OutHistory.org Announces LGBTQ Local Histories Contest Winners
OutHistory.org, the award-winning website on lesbian, gay, bisexual, transgender, and queer U.S. history, announced the winners of its “Since Stonewall Local Histories Contest” on Monday, June 28, exactly 41 years after the start of the rebellion that marks the beginning of the modern movement for LGBTQ rights and liberation. The contest—the first of its kind—invited people from across the country to create exhibits on OutHistory.org about the history of LGBTQ life in their village, town, city, county, or state since the Stonewall riots. The contest also offered five cash prizes, from $5,000 to $1,000, to the creators of the top five exhibits. The awards were provided by the Arcus Foundation, which funded OutHistory.org for four years.
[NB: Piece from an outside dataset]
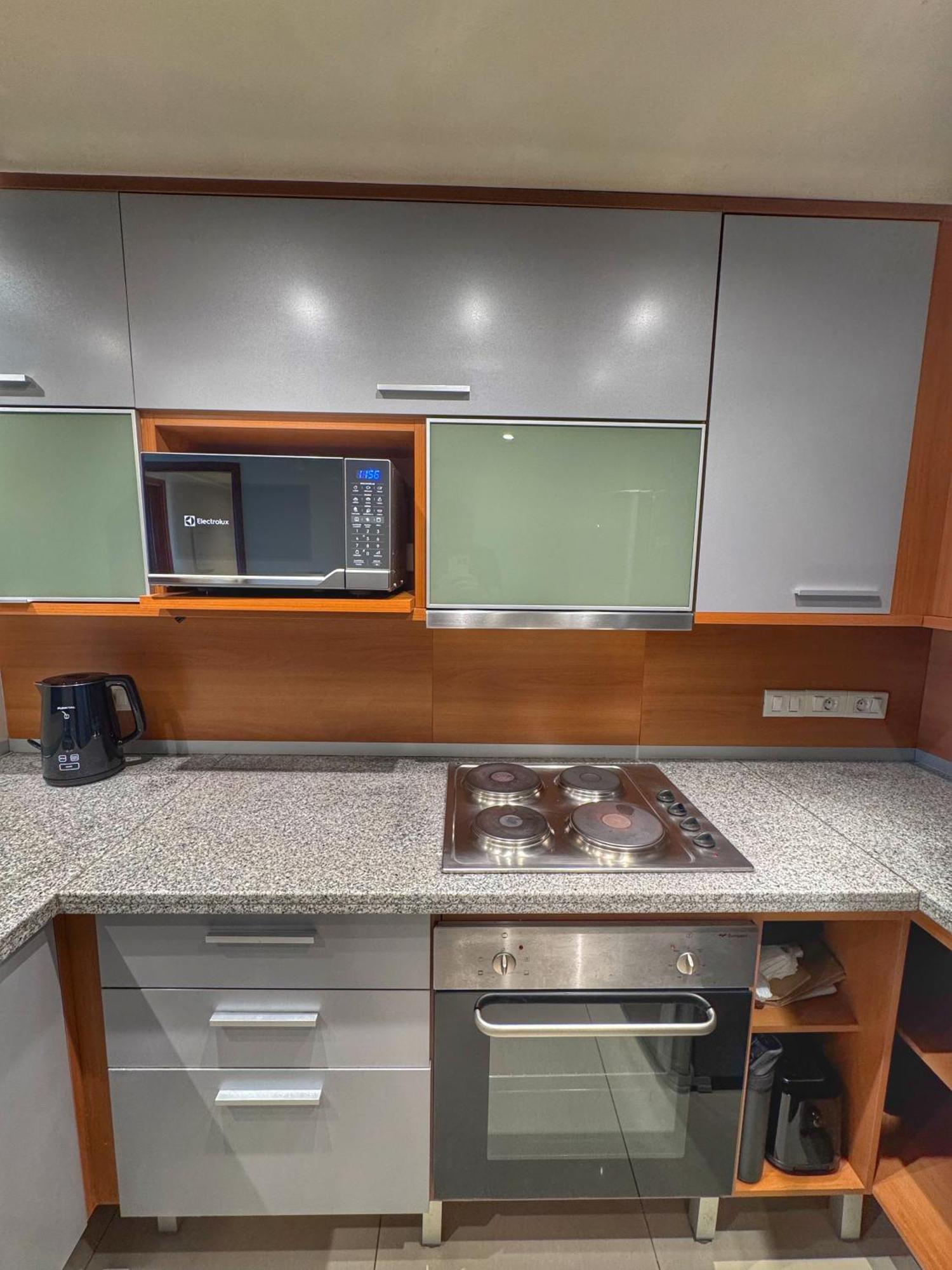 Apartamentos Torre Tressesenta Punta del Este Szoba fotó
OutHistory.org received over thirty exciting exhibits about LGBTQ history. One of the contest’s major goals was to draw attention to LGBTQ history in places that scholars have overlooked. The staff of OutHistory.org was pleased to see exhibits about states such as Georgia, Idaho, Indiana, Minnesota, Nebraska, Oregon, and Virginia, among others.
The “Since Stonewall” exhibits are all geographically-based, but range dramatically in subject, from one New Yorker’s memoirs, to a history of the Gay Activists Alliance of Washington, D.C., an account of a long-lived gay bar in Michigan called The Flame, and a timeline of The Lesbian Mothers National Defense Fund in Seattle. All the entries are listed on the site.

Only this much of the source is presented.